A local official in Washington, D.C., was one of six people fined this month by the city's board of elections for double voting in the 2020 general election.

Vanessa Rubio, an elected Advisory Neighborhood Commissioner, was fined $500 after the District of Columbia Board of Elections found that she'd voted in both D.C. and Maryland.

The panel said she had told them that "she did vote in person in DC in the 2020 [general election], but that she did not recall voting" in Maryland. After being shown her signature on a voting card from Maryland, Rubio "acknowledged that the signature was hers, albeit a 'sloppier' version" and said it was "possible" she voted there but didn't "recall doing so."

"Finally, Ms. Rubio stated that it was 'never really stated that you are not able to vote in more than one state,' and that she thought that if one attempted to do so, the 'system' would block one from doing so," the board's order said.

Rubio did not respond to requests for comment Monday.

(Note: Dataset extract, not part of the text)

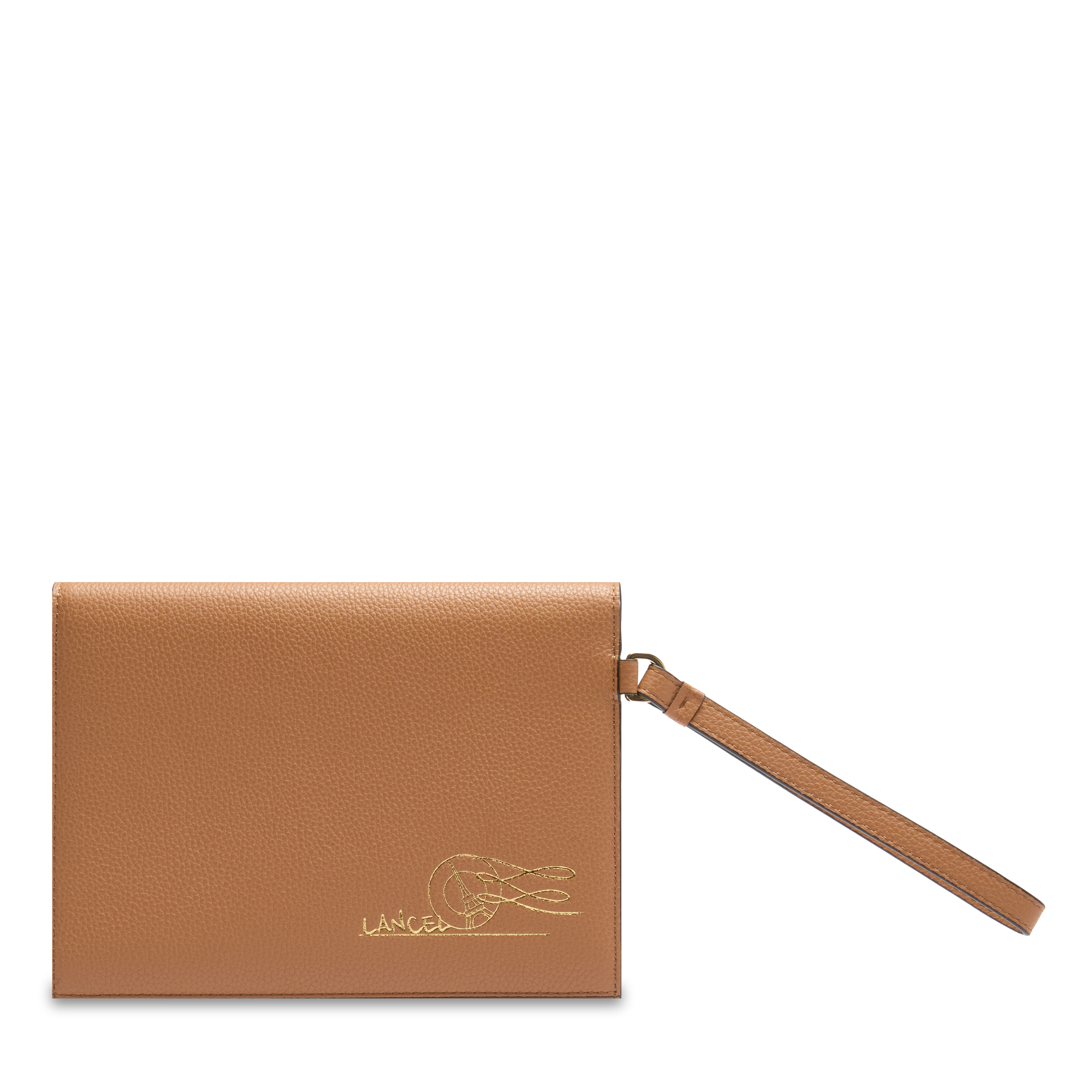 Pochette rabat m enveloppe de lancel en cuir LANCEL Marron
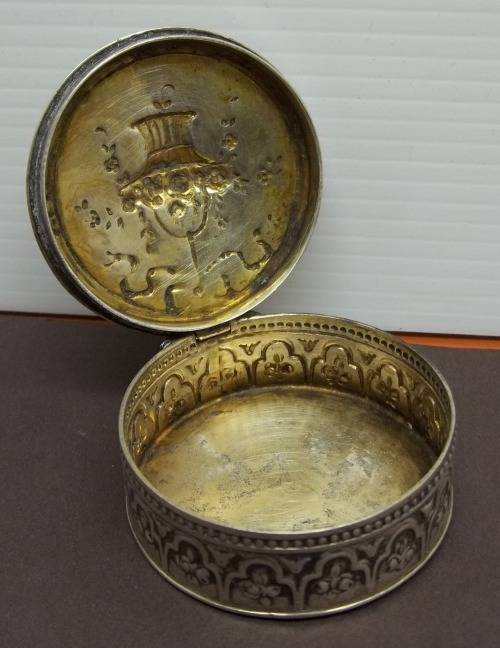 Vintage pill box made from continental silver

Neighborhood commissioners are elected to two-year terms. The post is nonpartisan and unpaid.

Five others were also found to have voted in D.C. and Maryland, all claiming to have done so by mistake. They were each fined $100.

Rubio, who was first elected in 2020 and re-elected last year, was fined a higher amount because as an elected official “we see fit to hold her to a higher standard than other voters,” the board said in its decision.

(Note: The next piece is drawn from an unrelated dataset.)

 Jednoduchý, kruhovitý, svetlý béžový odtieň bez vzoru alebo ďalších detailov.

Despite claims of widespread voter fraud in the 2016 and 2020 presidential election by former President Donald Trump, election officials around the country have said voter fraud is so rare it's statistically insignificant.

While the DC elections board found the six instances of double voting and is investigating two other cases, there were about 340,000 votes cast there in the 2020 presidential election. Joe Biden snared almost 300,000 more votes than Trump in the heavily Democratic district.

Biden also bested Trump in Maryland, where he garnered about 1.98 million votes to Trump's 976,000.